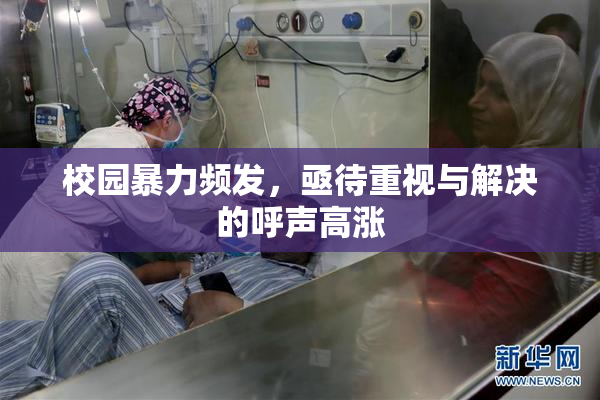 校园暴力频发，亟待重视与解决的呼声高涨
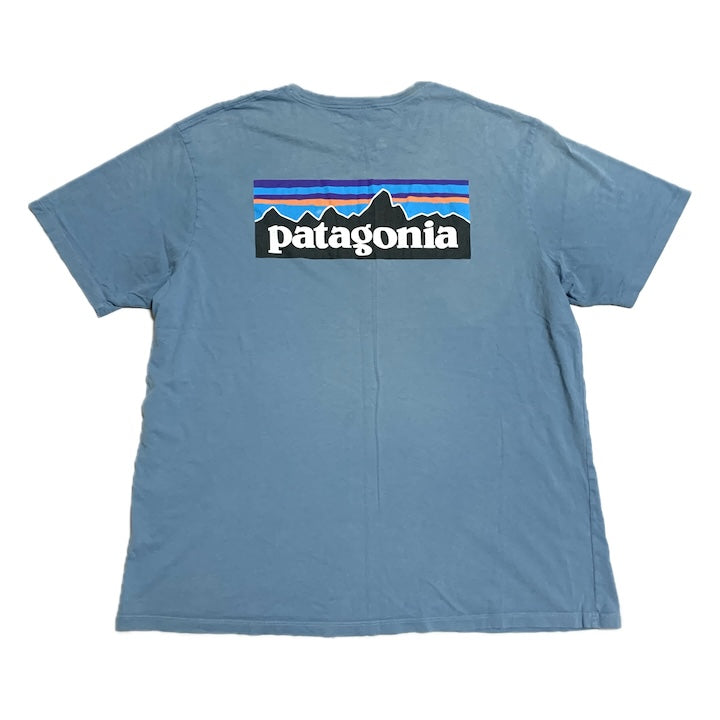 パタゴニア Patagonia Tシャツ ベトナム製 スカイブルー バックプリント メンズL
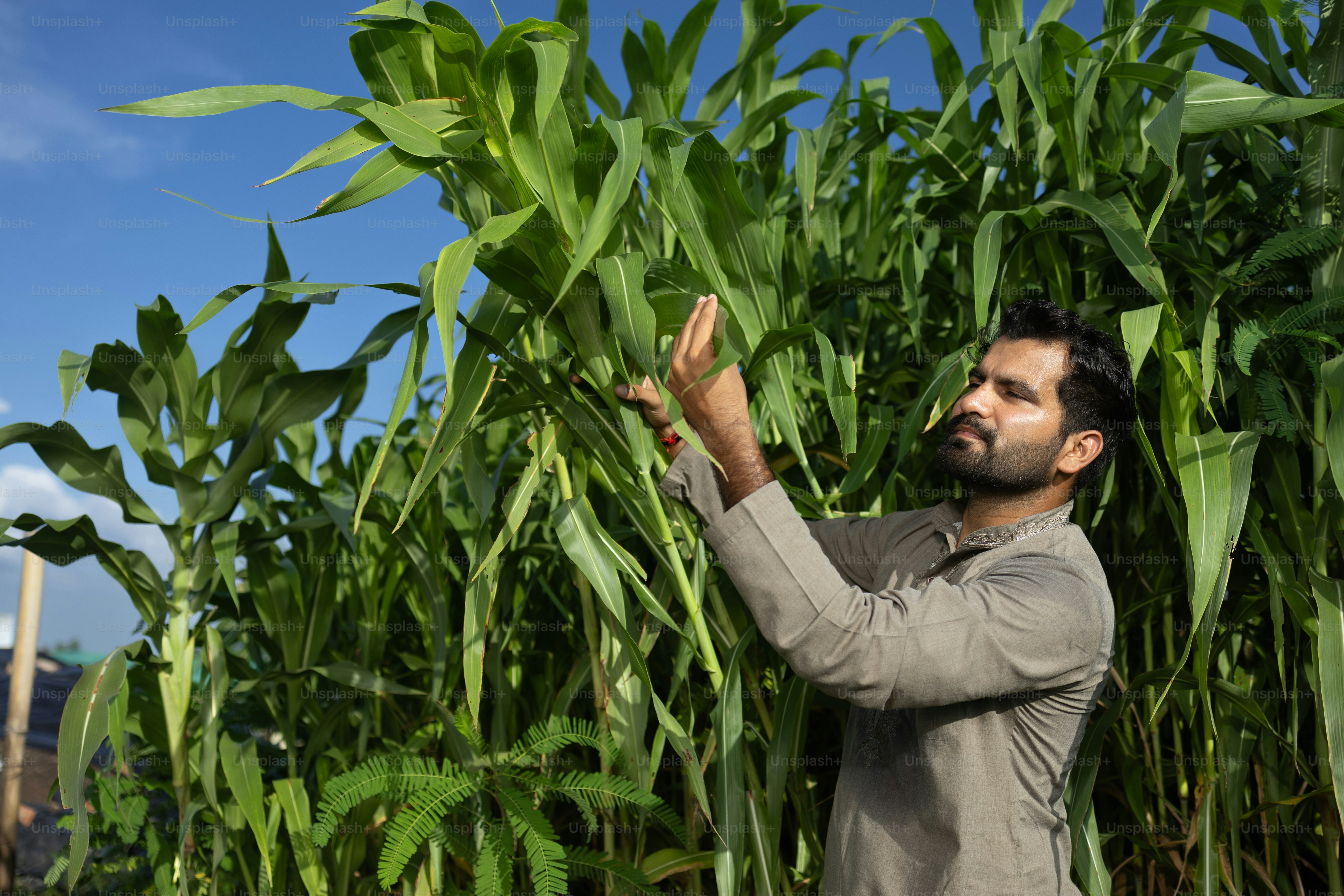 A man standing in front of a field of corn photo – Modern farmer Image ...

_What needs to be done_. Reproduce exactly, and only, the lines that begin at the one containing "パタゴニア Patagonia Tシャツ" and end with the final line of the data, both included, while omitting every picture.

_Result of the task_.
 パタゴニア Patagonia Tシャツ ベトナム製 スカイブルー バックプリント メンズL
 A man standing in front of a field of corn photo – Modern farmer Image ...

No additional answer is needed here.